Part of a project I was working on required mashing up some data from SharePoint with data stored in datalake. We settled on creating a Databricks notebook to read an input file, query data lake using the input file, and then export an enriched file.
Here’s a high-level overview of what’s going to be created:
Call the notebook, parse the JSON response, loop until the notebook has finished, then respond to the notebook’s output.
In my case, triggering the notebook will require knowing its URL, bearer token, job id, and input parameters.
Parse the response from the HTTP call:
The notebook will take a little time to spin up, then process the input file. The best way to handle this is to leverage a basic do-until loop to check the status of the notebook job. I opted to use a one-minute delay, call the API to get the job status, parse the response, then evaluate if it’s finished.

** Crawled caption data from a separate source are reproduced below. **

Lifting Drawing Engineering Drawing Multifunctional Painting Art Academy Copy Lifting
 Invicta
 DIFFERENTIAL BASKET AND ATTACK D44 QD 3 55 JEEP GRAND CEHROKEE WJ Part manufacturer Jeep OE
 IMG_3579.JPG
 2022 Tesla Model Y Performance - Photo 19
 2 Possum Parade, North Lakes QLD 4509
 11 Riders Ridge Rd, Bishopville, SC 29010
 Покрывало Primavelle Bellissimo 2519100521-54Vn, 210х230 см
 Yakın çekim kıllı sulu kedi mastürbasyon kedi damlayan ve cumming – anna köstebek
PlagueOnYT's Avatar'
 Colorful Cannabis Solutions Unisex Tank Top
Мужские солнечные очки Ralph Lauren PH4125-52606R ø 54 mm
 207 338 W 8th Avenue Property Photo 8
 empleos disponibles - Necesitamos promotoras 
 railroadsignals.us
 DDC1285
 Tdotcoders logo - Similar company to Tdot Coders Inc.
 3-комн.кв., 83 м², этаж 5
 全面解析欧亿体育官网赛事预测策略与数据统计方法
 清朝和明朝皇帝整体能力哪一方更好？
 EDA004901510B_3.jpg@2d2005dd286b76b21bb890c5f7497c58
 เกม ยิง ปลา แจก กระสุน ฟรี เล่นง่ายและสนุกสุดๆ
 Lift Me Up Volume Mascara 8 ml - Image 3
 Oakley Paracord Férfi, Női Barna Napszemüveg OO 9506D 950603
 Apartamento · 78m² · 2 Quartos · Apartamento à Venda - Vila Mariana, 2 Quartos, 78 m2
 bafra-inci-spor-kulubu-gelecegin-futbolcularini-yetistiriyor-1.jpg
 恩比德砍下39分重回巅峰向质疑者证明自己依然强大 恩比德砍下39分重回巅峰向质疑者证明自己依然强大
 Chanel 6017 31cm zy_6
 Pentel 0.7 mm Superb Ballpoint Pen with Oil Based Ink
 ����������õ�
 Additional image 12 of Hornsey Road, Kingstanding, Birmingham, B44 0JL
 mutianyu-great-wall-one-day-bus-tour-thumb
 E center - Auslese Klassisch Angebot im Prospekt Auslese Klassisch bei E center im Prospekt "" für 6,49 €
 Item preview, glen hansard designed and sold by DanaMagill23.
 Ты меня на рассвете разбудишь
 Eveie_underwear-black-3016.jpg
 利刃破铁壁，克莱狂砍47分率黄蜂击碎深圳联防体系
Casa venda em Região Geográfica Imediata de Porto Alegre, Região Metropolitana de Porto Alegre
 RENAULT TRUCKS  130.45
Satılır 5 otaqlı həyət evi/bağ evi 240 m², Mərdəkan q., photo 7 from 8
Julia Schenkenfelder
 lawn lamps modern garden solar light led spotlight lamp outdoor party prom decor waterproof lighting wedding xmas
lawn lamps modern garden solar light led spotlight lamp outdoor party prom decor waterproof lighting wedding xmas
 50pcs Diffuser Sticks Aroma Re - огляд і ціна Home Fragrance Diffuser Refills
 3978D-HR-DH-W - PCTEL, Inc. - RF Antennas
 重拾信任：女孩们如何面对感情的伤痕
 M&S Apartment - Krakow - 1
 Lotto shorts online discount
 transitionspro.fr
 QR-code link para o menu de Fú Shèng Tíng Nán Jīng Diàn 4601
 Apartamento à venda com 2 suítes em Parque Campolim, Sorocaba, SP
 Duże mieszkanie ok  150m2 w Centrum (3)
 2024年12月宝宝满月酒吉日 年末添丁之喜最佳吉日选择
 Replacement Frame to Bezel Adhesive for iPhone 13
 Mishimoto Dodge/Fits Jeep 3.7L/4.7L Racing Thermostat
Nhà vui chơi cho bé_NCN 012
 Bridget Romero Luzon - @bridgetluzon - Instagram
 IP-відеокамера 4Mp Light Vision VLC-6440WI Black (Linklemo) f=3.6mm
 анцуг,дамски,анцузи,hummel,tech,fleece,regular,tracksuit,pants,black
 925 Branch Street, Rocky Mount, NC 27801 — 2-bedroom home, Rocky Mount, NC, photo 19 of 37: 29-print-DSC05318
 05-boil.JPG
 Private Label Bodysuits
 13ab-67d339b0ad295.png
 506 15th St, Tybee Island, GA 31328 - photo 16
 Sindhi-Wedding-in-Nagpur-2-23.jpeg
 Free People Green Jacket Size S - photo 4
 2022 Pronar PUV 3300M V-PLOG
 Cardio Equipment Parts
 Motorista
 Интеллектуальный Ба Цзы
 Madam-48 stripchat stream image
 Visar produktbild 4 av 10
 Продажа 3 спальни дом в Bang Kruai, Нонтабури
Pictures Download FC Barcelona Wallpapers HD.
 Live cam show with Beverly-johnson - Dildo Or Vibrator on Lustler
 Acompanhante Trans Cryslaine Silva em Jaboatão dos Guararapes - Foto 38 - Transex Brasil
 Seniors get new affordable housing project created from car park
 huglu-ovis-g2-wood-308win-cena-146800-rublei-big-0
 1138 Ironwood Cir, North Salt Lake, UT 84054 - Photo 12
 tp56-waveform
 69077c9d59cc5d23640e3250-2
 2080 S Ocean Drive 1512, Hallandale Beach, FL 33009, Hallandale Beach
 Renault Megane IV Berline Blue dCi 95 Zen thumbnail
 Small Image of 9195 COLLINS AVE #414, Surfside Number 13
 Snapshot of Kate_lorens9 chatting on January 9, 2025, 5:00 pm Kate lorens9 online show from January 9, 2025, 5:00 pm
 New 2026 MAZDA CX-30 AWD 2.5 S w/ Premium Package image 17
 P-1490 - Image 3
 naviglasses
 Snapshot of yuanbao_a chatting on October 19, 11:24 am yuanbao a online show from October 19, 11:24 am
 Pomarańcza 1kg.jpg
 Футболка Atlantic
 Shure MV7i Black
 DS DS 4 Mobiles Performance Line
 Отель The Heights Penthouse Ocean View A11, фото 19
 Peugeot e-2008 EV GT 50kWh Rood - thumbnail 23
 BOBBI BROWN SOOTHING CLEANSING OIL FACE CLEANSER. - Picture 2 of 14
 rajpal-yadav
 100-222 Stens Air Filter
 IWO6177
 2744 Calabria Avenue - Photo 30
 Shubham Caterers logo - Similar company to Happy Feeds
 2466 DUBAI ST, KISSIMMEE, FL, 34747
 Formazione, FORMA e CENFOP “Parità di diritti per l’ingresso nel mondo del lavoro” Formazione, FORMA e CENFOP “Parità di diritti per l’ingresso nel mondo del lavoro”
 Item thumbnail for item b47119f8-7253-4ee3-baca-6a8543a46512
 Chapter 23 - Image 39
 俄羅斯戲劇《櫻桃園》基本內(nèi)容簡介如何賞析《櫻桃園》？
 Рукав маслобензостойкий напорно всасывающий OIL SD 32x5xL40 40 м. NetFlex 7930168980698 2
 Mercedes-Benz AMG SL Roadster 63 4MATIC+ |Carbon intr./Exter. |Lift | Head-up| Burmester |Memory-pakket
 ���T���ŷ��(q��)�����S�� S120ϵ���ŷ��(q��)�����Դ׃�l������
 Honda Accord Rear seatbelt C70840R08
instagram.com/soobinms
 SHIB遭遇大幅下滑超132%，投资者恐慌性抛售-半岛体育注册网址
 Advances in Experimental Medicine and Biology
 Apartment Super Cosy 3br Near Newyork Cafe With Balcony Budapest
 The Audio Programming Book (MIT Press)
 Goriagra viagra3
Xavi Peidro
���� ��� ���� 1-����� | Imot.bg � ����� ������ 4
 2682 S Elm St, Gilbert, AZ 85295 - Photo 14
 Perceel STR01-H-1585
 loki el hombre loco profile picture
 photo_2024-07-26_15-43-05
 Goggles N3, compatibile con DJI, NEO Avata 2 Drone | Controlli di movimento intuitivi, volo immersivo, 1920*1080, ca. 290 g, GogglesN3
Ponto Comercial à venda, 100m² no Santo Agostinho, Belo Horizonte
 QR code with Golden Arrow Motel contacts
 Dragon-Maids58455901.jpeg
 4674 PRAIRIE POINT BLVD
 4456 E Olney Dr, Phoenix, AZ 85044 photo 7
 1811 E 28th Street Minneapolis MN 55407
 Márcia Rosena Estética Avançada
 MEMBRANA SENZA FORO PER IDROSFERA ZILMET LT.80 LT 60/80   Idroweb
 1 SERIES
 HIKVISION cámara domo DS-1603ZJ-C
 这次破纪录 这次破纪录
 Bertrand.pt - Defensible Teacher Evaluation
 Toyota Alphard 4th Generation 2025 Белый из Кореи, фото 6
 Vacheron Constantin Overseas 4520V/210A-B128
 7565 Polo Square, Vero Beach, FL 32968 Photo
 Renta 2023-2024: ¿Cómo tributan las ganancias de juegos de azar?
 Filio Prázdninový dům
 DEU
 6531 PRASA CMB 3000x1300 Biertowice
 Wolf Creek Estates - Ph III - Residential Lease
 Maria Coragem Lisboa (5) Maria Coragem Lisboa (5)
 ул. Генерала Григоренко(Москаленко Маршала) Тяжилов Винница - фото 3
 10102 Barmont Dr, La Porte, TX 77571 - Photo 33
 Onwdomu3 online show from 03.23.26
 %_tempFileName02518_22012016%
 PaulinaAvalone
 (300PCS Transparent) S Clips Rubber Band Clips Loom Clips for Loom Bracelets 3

One thing to note about the do until action, you don’t want it to run for eternity, and to avoid adding complexity to it, you don’t want to add extra evaluations like: if looped X times, stop
If you expand the Change limits option, you can set how many times it loops or change the duration. Here I’ve set the action to stop looping after 20 tries. For more info on this, please check SPGuides for a detailed overview.
The last step in the flow is to process the response from the notebook. If the job is success(full), get the file from blob storage and load it to SharePoint; otherwise, create a Slack alert.
That’s it; using the example above, you can trigger a Databricks notebook using a Flow.
When I set this up, my company allowed the use of Personal Access Tokens (PAT).
The PAT was then used in the Flow to trigger the notebook.